We have certainly proved ourselves adaptable and flexible workers, rapidly moving our pedagogy online while facing the prospect of teaching drastically reduced class sizes – all this so other essential workers could continue to go to work, knowing their children were safe, educated and cared for.
The online member meeting we held in the first week of this term was one of our most highly attended meetings I can remember. We facilitated discussions that lead to some great ideas, spoke about what we needed, and considered how we can help each other. I felt a huge amount of solidarity as we shared our experiences.
Our lives as educators have been in a constant state of flux, as we deal with a reality that we cannot predict or control. As we know, stability, autonomy and predictability for children is integral to them feeling safe and secure within their environments. We were suddenly thrown into a position where we had to provide the stability we always strive to, while being largely deprived of it ourselves.

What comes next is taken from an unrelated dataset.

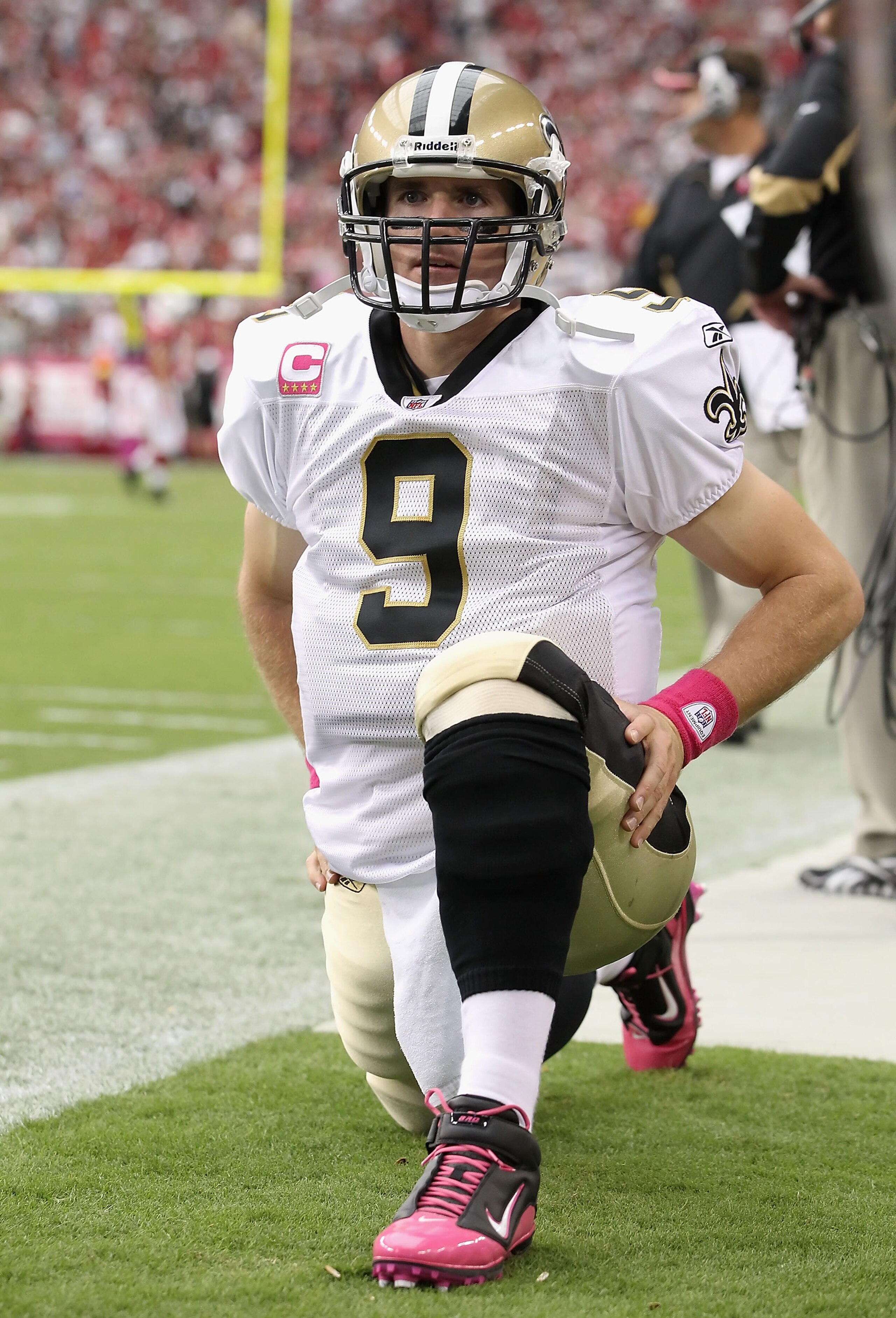 GLENDALE, AZ - OCTOBER 10:  Quarterback Drew Brees #9 of the New Orleans Saints warms up on the sidelines during the NFL game against the Arizona Cardinals at the University of Phoenix Stadium on October 10, 2010 in Glendale, Arizona. The Cardinals defeat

As we emerge from this lockdown, I sincerely urge the state and federal governments to continue to acknowledge the importance of the early childhood sector and ensure that is reflected in improvements to our wages and conditions
and standing within broader society moving forward.
After all the arrangements and tireless work that took place at the end of Term 1, we will not forget how inequitably we early childhood teachers and educators have been treated in comparison with our primary and secondary colleagues. I congratulate us all for not only surviving but thriving under the most difficult circumstances of our lives.